R-square tends to over estimate the variance accounted for compared to an
estimate that would be obtaned from the population. There are two reasons for
the overestimate, a large number of predictors and a small sample size. So,
with a small sample and with few predictors, adjusted R-square should be very
similar the the R-square value. Researchers and statisticians differ on whether
to use the adjusted R-square. I don't tend to use it if very often and I don't
see it reported in the literature very often. It is probably a good idea to
look at it to see how much your R-square might be inflated, especially with a
small sample and many predictors.
Simultaneous vs.
"Hierarchical" Regression
With any computer program, the researcher has the option of entering predictor
variables into the regression analysis one at a time or in steps.
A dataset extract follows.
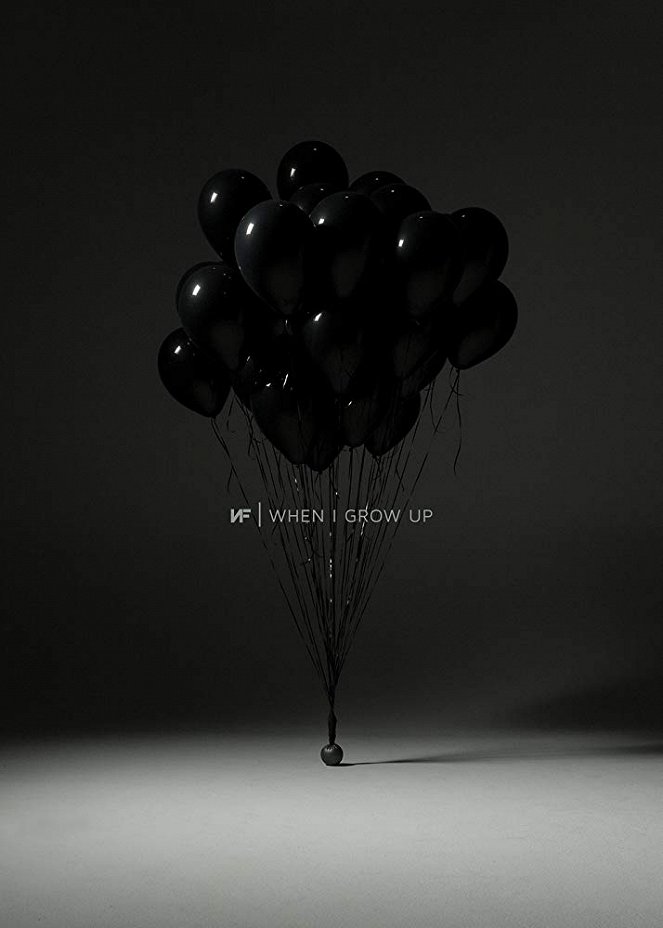 NF - When I Grow Up - Plakate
For instance,
one might want to run a regression analysis of the fat intake results first
entering the fat intake predictor, then on the next step, entering in the
dietary cholesterol intake variable. The computer then prints out the first
regression equation with only fat intake as a predictor (a simple regression
analysis). Then the computer re-runs the analysis with the dietary cholesterol
predictor together with the fat intake variable. This allows the researcher to
see the increase in the variance accounted for when the second predictor is
added. SPSS prints something called the R-square change, which is just the
improvement in R-square when the second predictor is added. The R-square change
is tested with an F-test, which is referred to as the F-change. A
significant F-change means that the variables added in that step signficantly
improved the prediction.
Each stage of this
analysis is usually referred to as a block. You can have as many
predictor variables added in each block as you like. You should realize,
however, that if you add just one predictor, the test of the F change is
identical to the test of the slope of the second predictor.
If all the
variables are entered into the analysis at the same time, the analysis is
called a simultaneous regression. Simultaneous regression simply means
that all the predictors are tested at once. I tend to use the approach most
often. When the variables are entered into the equation in steps, it is
sometimes referred to as "hierarchical" regression. This is a
confusing term, because there is an unrelated statistical analysis called
"hiearchical linear modeling" (which we are not going to cover in
this class).
Exploratory
Stategies
When there are many predictor variables, researchers sometimes use an
exploratory analysis to see which predictors are significant predictors so that
they can keep some predictors and thowout others. The most commonly used method
is called "stepwise." In stepwise regression, the computer runs many
regression analyses adding and subtracting predictors that are significant. It
then prints a final equation with the predictors that were significant. This is
generally considered a very exploratory approach and is often criticized. It
turns out that this approach is not very good at coming up with the best set of
predictors. Usually the goal is to find a combination of predictors that will
account for the maximum amount of variance in the dependent variable.
If this is the
goal, there is another option (although last time I checked, SPSS did not offer
the option), called "all-subsets regression." With all-subsets
regression, the computer runs all possible combinations of variables and prints
it out along with some statistics that help determine which set of predictors
is the best. If you are going completely exploratory in your analysis, this is
the best approach.
Other options
include forward stepwise and backward stepwise, in which the predictors are
added one at a time or subtracted from the full model one at a time. These
procedures perform even more poorly than stepwise when attempting to locate the
best combination of predictors.
My editorial comment
is to discourage the exploratory approach in general. I believe it is generally
better to have analyses guided by theory. When there are just a few predictors,
there really is no need to look for the best combination. If a researcher is
really compelled to use an exploratory approach, it is probably best to go all
the way by using the all-subsets method.
Dichotomous
Predictors (Dummy Coding)
Dichotomous predictors can be used in multiple regression. They are typically
coded as 0's and 1's, and this is referred to as dummy coding. When
there are three levels of a nominal predictor variable, the researcher can
dummy code the three-level variable into two new variables that allow for
contrasts between combinations of two levels at a time. Daniel provides a brief
discussion of this, and more can be learned from any text on multiple
regression.
Interactions and
Curvilinear Effects
A statistical interaction can be tested with multiple regression. Remember that
I said that, mathematically speaking, interactions are multiplicative effects.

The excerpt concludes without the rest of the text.